1) The RL may exhibit significant turbulence reaching intensities comparable to those in the underlying stable boundary layer. Such observations alter the current picture of the RL from that of a quiescent region with predominantly laminar flow to one of a dynamic region with rapidly changing small-scaled variations of turbulence.
We hypothesize that enhanced turbulence is related to upward-propagating atmospheric gravity waves generated by stably stratified flow over the low-relief terrain. During one night a presence of critical layers in the RL, generated by wind turning with height, caused deposition of upward-propagating wave momentum resulting in generation of intermittent turbulence.

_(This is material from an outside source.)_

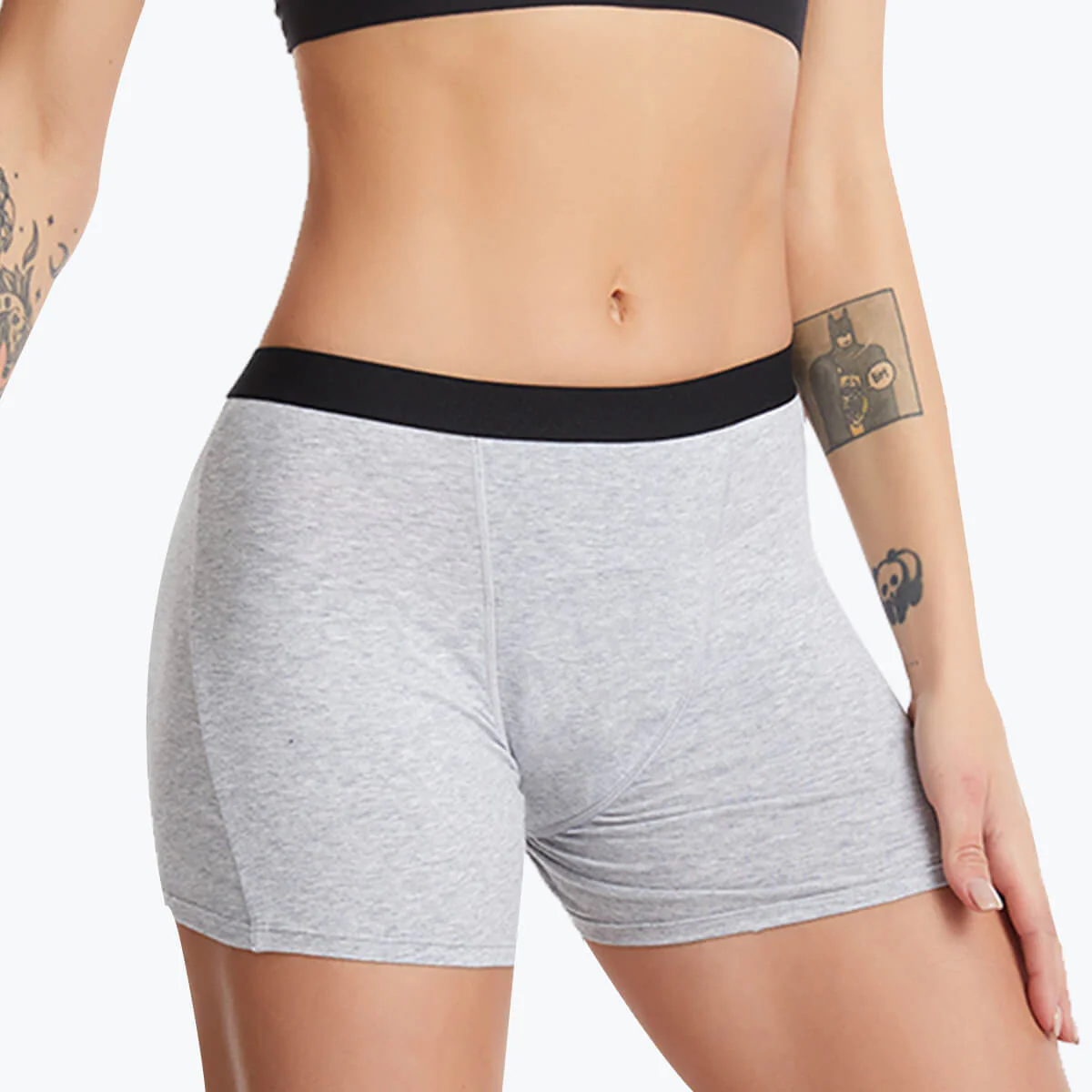 Leakproof Boyshort For Periods and Incontinence - SLK8036 - Image 5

2) The well-accepted concept of turbulence generation below a critical value of the gradient Richardson number (Ri) is, in fact, scale dependent: Ri values typically decrease with decreasing vertical scale size, so that critical Ri values (»0.25) occur at vertical scales of only a few tens of meters. This poses a problem for incorporating experimentally determined Ri values in model closures on models that have poor vertical resolution.
3) There appears to be two distinct turbulence regimes' in the RL: a very weak but ever-present background turbulence level with minimal temporal and spatial structure, and a more intense, intermittent regime during which turbulent intensity levels can approach nighttime turbulent intensities near the surface.